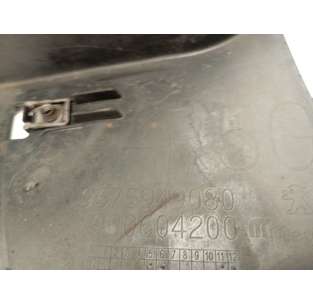 PASO RUEDA TRASERO... 2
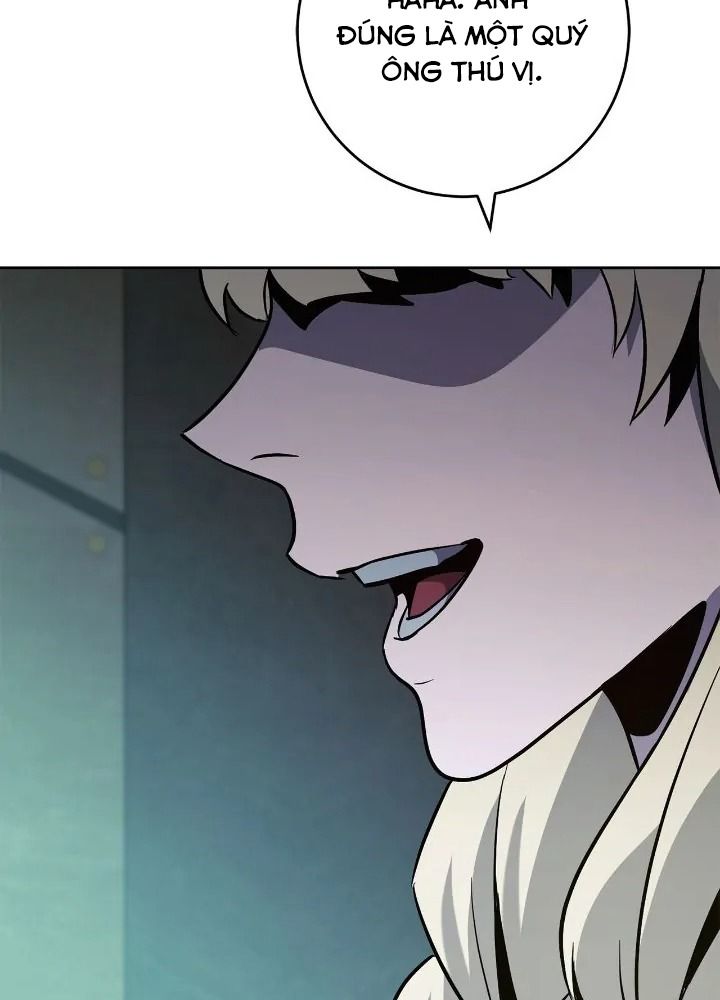 Chiến Binh Xương Trắng Thất Thủ: Chapter 275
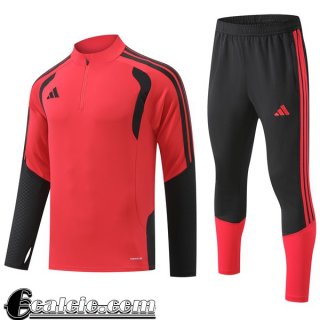 Sport Tute Calcio Uomo 26-27 A1150 Sport Tute Calcio Uomo 26-27 A1150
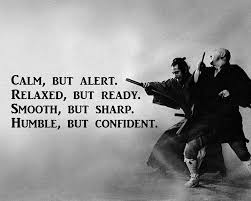 Timeline Photos True Martial Arts Martial Arts Quotes Warrior Quotes Martial Arts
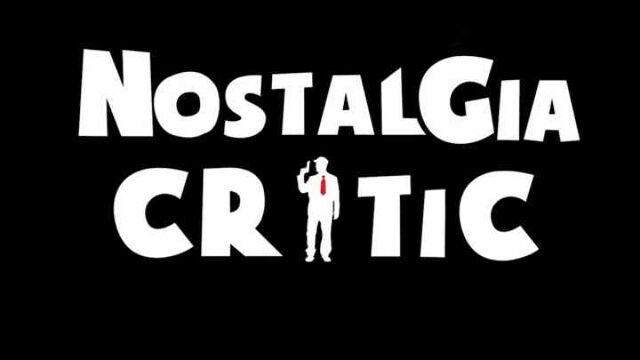 File:NostalgiaCritic-48793932.jpg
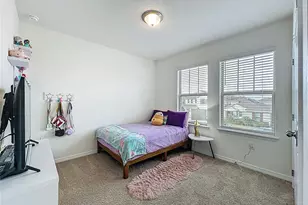 16584 Point Rock Dr, Winter Garden, FL 34787 - Photo 39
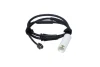 Датчик зносу гальмівних колодок (передніх) Mini Countryman (R60) 10-16 1 987 473 522 BOSCH 1-987-473-522 (фото 1)
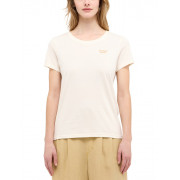 1016155-2013 Mustang póló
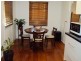 26 Thackeray Street, Park Avenue QLD 4701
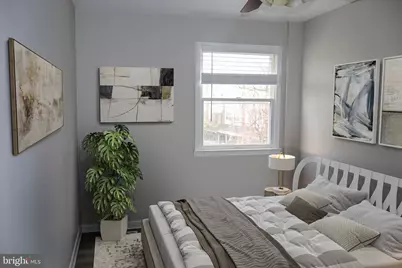 3019 Fairdale Road, Philadelphia, PA 19154 - Photo 18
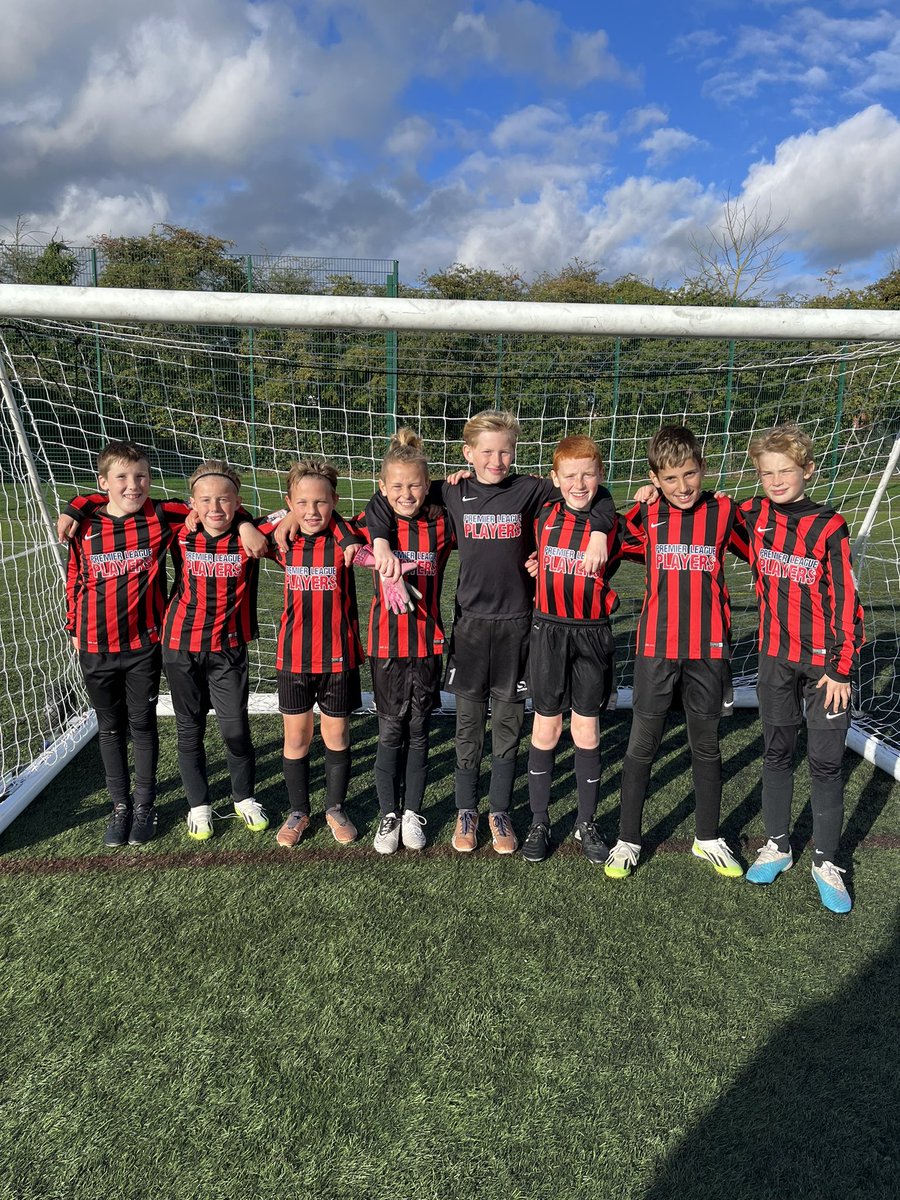 Southend East School Sports Partnership tweet media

^^^^

What you have to do — Leaving out the pictures, repeat all of the entries exactly.

Answer to this problem —
 PASO RUEDA TRASERO... 2
 Chiến Binh Xương Trắng Thất Thủ: Chapter 275
 Sport Tute Calcio Uomo 26-27 A1150 Sport Tute Calcio Uomo 26-27 A1150
 Timeline Photos True Martial Arts Martial Arts Quotes Warrior Quotes Martial Arts
 File:NostalgiaCritic-48793932.jpg
 16584 Point Rock Dr, Winter Garden, FL 34787 - Photo 39
 Датчик зносу гальмівних колодок (передніх) Mini Countryman (R60) 10-16 1 987 473 522 BOSCH 1-987-473-522 (фото 1)
 1016155-2013 Mustang póló
 26 Thackeray Street, Park Avenue QLD 4701
 3019 Fairdale Road, Philadelphia, PA 19154 - Photo 18
 Southend East School Sports Partnership tweet media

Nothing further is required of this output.